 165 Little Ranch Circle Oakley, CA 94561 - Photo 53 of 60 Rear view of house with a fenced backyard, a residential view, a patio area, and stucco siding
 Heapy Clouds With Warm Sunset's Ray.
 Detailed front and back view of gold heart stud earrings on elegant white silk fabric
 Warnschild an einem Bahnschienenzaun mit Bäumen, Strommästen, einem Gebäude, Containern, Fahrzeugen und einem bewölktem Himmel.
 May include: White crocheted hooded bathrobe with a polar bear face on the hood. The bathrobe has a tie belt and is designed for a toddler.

...

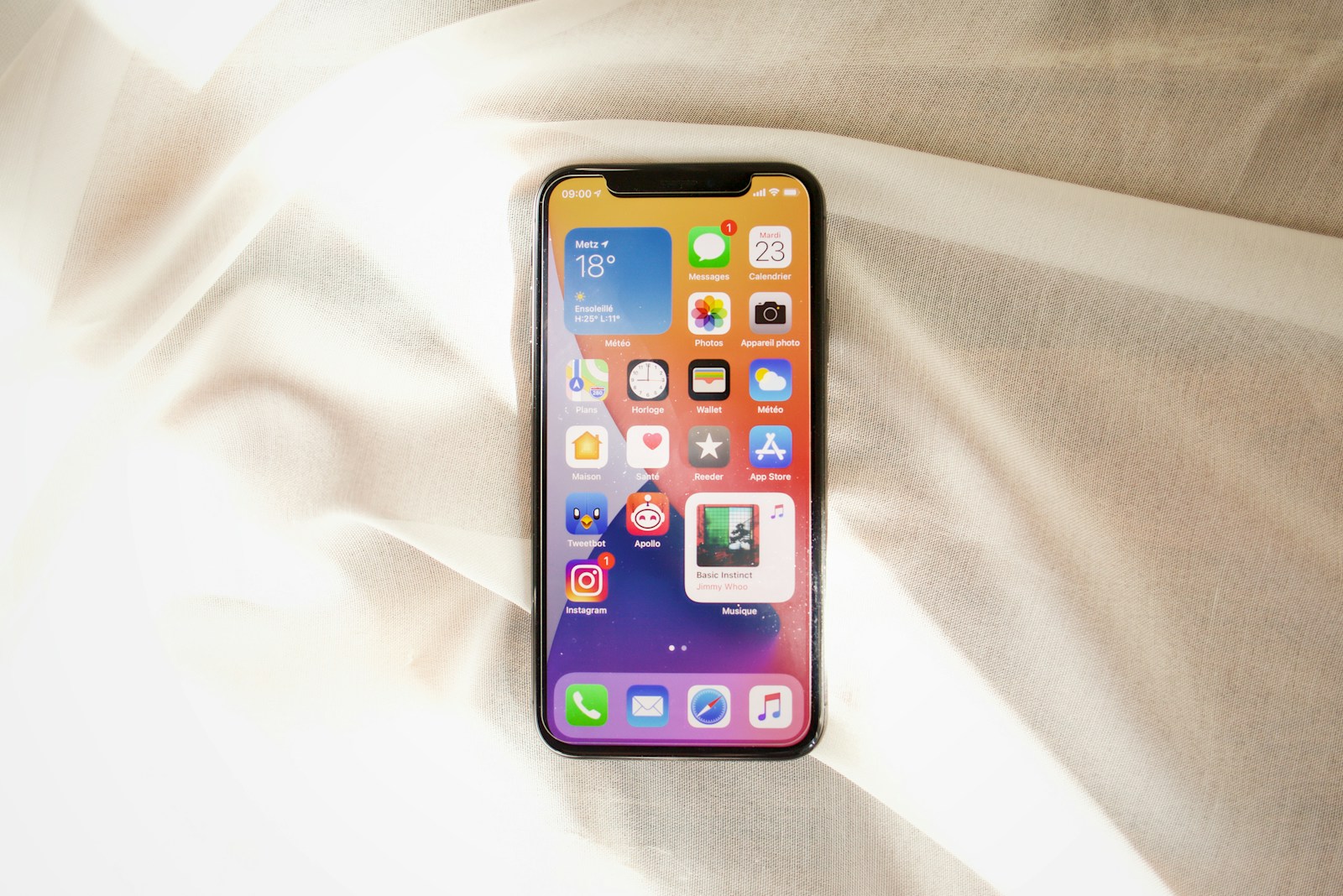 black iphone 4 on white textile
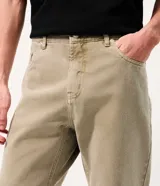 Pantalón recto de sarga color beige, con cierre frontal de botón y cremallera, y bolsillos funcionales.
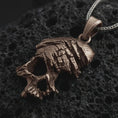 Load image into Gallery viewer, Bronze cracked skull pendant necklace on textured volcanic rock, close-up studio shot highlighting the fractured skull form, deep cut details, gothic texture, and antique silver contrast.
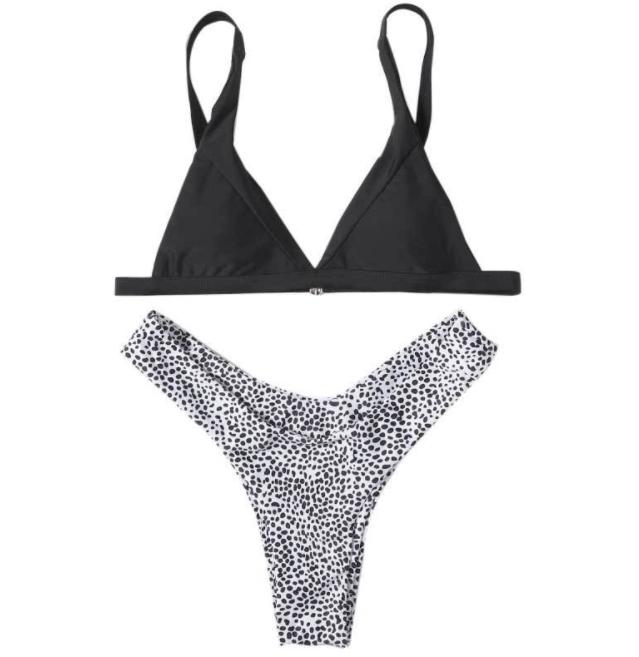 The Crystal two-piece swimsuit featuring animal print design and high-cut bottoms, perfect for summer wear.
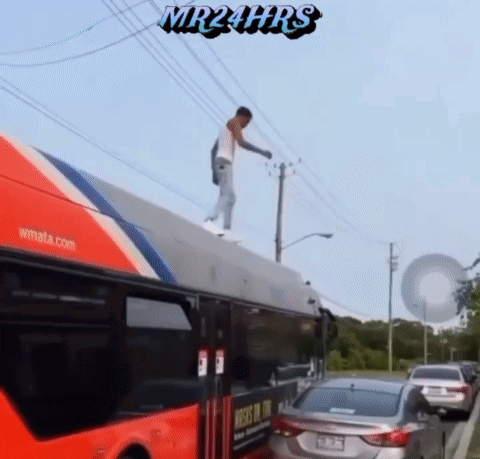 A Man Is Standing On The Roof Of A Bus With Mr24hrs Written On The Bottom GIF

*Work instruction:*
Out of the entries above, write out only the lines between the line holding "Warnschild an einem" and the line holding "May include: White", inclusive, each exactly as given.

*Answer space:*
 Warnschild an einem Bahnschienenzaun mit Bäumen, Strommästen, einem Gebäude, Containern, Fahrzeugen und einem bewölktem Himmel.
 May include: White crocheted hooded bathrobe with a polar bear face on the hood. The bathrobe has a tie belt and is designed for a toddler.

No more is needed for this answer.